How Tumours Use Sugar to Shut Down the Body’s Defences

▴ Tumours Use Sugar to Shut Down
If these sugar-based brakes can truly be released in humans, the future of cancer therapy may look very different. It may rely less on brute force and more on clarity.


For decades, cancer has survived by mastering disguise. It changes shape, rewires signals, and learns how to stay invisible to the body’s natural defenses. Even as science has delivered powerful immunotherapies that train immune cells to attack tumours, many patients still hear the same hard truth: the treatment works for some, but not for all. Now, a discovery from researchers at MIT and Stanford University suggests that cancer’s invisibility cloak may finally be tearing and the thread holding it together is something as simple, and as complex, as sugar.

Cancer cells are not just abnormal because they divide uncontrollably. They are abnormal because they communicate differently. One of the most overlooked ways they do this is through glycans, tiny sugar molecules that coat the outer surface of cells. In healthy tissue, glycans help cells interact normally with their surroundings. In cancer, these same sugar structures are altered and weaponised. Tumours use them to send false “do not attack” signals to the immune system, effectively applying a biological brake that prevents immune cells from recognising danger.

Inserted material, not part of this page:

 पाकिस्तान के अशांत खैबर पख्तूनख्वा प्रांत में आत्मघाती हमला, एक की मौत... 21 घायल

Immunotherapy has already shown that releasing certain brakes can change lives. Drugs that block the PD-1 and PD-L1 pathway have transformed cancer care by allowing immune cells, especially T cells, to strike tumours that once went undetected. Some patients experience long-lasting remission. Others see little benefit at all. This uneven success has driven scientists to ask a deeper question: how many other brakes does cancer use to slow the immune system down?

The answer, it turns out, may lie in sugars that most people never think about.

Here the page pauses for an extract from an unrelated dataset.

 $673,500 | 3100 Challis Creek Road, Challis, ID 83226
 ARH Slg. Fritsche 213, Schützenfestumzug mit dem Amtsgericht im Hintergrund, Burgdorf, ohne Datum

The new research, led by Jessica Stark in collaboration with Carolyn Bertozzi, reveals a way to disable a powerful immune escape route that tumours rely on. Their work, published in Nature Biotechnology, focuses on sialic acids which is a type of glycan found in unusually high amounts on the surface of many cancer cells.

These sialic acids interact with receptors on immune cells called Siglecs. When this binding happens, immune cells receive a strong inhibitory signal. Instead of attacking the tumour, they hesitate, retreat, or remain inactive. It is a clever trick. The immune system sees sugar patterns it interprets as “self” and stands down, even when those sugars are sitting on malignant cells.

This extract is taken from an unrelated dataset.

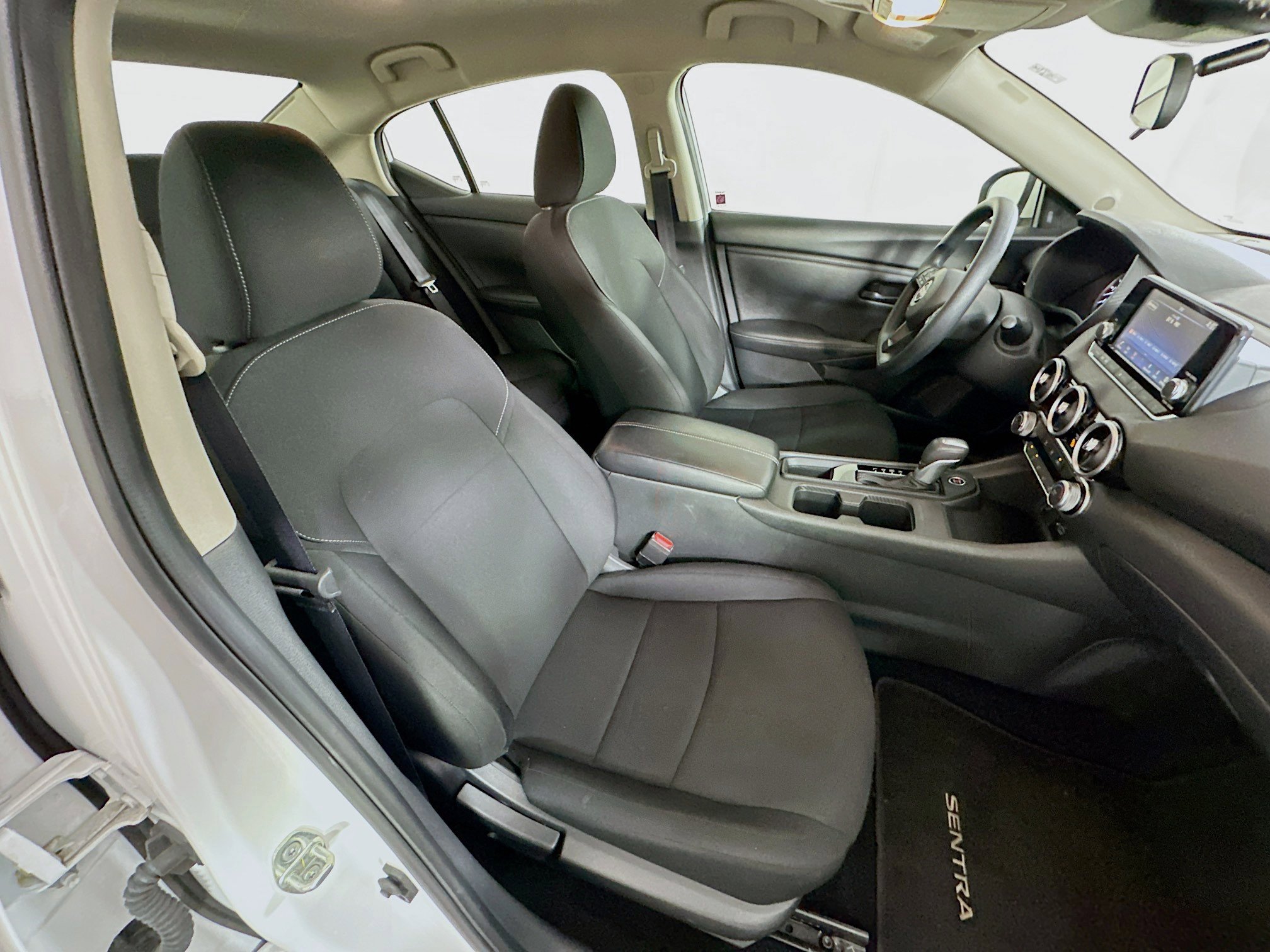 Used 2025 Nissan Sentra S image 29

Until now, this pathway has been extremely difficult to block in a meaningful way. Scientists have tried designing molecules that stick to sialic acids and prevent them from sending suppressive signals. The problem is scale and strength. Lectins, the molecules that bind sugars, do not attach firmly enough on their own. They drift away before making a real difference.

The breakthrough came when researchers stopped treating lectins as solo agents and instead paired them with something cancer already understands very well: antibodies.

By engineering hybrid proteins known as AbLecs, the team fused a lectin with an antibody designed to target tumour-specific markers. The antibody acts like a guided missile, taking the lectin directly to the cancer cell surface. Once anchored there, the lectin blocks sialic acids from engaging with immune cell receptors. The brake is released. The immune system moves again.

What makes this discovery particularly striking is its elegance. Instead of inventing an entirely new drug class from scratch, the researchers adapted tools already familiar to oncology. Antibodies like trastuzumab, rituximab, and cetuximab are well-known cancer therapies. By modifying their structure, scientists created a modular platform that can be customised for different cancers, immune pathways, and patient needs.

In laboratory studies, immune cells exposed to these AbLecs showed renewed aggression toward cancer cells. Macrophages and natural killer cells, both critical players in innate immunity, became more active. They recognised tumour cells as threats and destroyed them with greater efficiency. This effect was not subtle. It represented a clear shift from immune silence to immune engagement.

The results were even more compelling in animal models. Mice engineered to carry human immune receptors developed lung metastases after being injected with cancer cells. Those treated with the AbLec therapy showed a marked reduction in metastatic burden compared to mice receiving standard antibody treatment alone. In simple terms, the immune system was no longer being fooled by sugar-coated deception.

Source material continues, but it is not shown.